44  Model Specific Discussions / Trans-Am Camaros / Re: New Zealand/Australian Camaros And Firebirds on: July 02, 2013, 02:31:41 PM
This is from a new collection of photos I've been sent to upload to The Roaring Season. The collection is by Allan Cameron, and centres upon racing events from the 1960s and early '70s, in the North Island of New Zealand.

This shot was taken at Bay Park, at the Christmas event in late 1972. This event featured one of the best sedan line-ups to date assembled in New Zealand. Bay Park were always big promoters of sedan racing, when most other New Zealand tracks were still pushing single seaters. This event featured four international teams, three of which are pictured here, with Canadian born Aussie Allan Moffat in his Kar-Kraft 1969 Mustang, leading the big Aussie driver Pete Geoghegan in the 'Super Falcon' (so named because of the sheer scale of the project by Ford Australia to build two very high-dollar Falcon race cars using the very best materials and workmanship.

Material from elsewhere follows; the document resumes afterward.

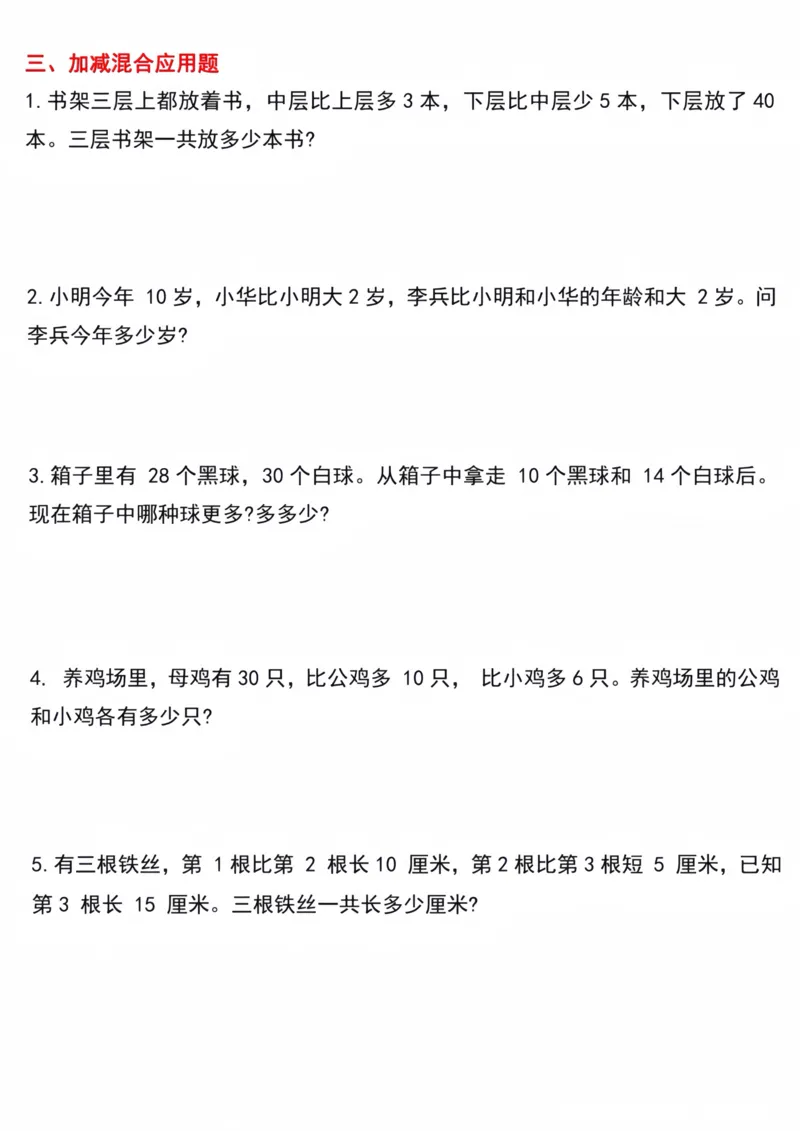 《二年级上册数学重点思维应用题_2年级上册同步教辅_2上-数学_二上数学-奥数+应用题+思维题》第2页预览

This car of Geoghegan's had 620hp by 1972, which was astounding at the time for a 351 motor). In behind Geoghegan is Frank Gardner in the SCA Freight Camaro. Gardner was very quick in this Camaro, which he sold when he later took the car to Australia.

Joe Chamberlain was also at this event, making his second visit to New Zealand in his 1969 Trans-Am Camaro.

45  Model Specific Discussions / Trans-Am Camaros / Re: Wanted: Photos of 1971 Trans-am Camaro owned by Greenwood / Hoffman on: June 16, 2013, 04:00:30 PM
Those look like Corvette chassis' to me. Probably John Greenwood cars.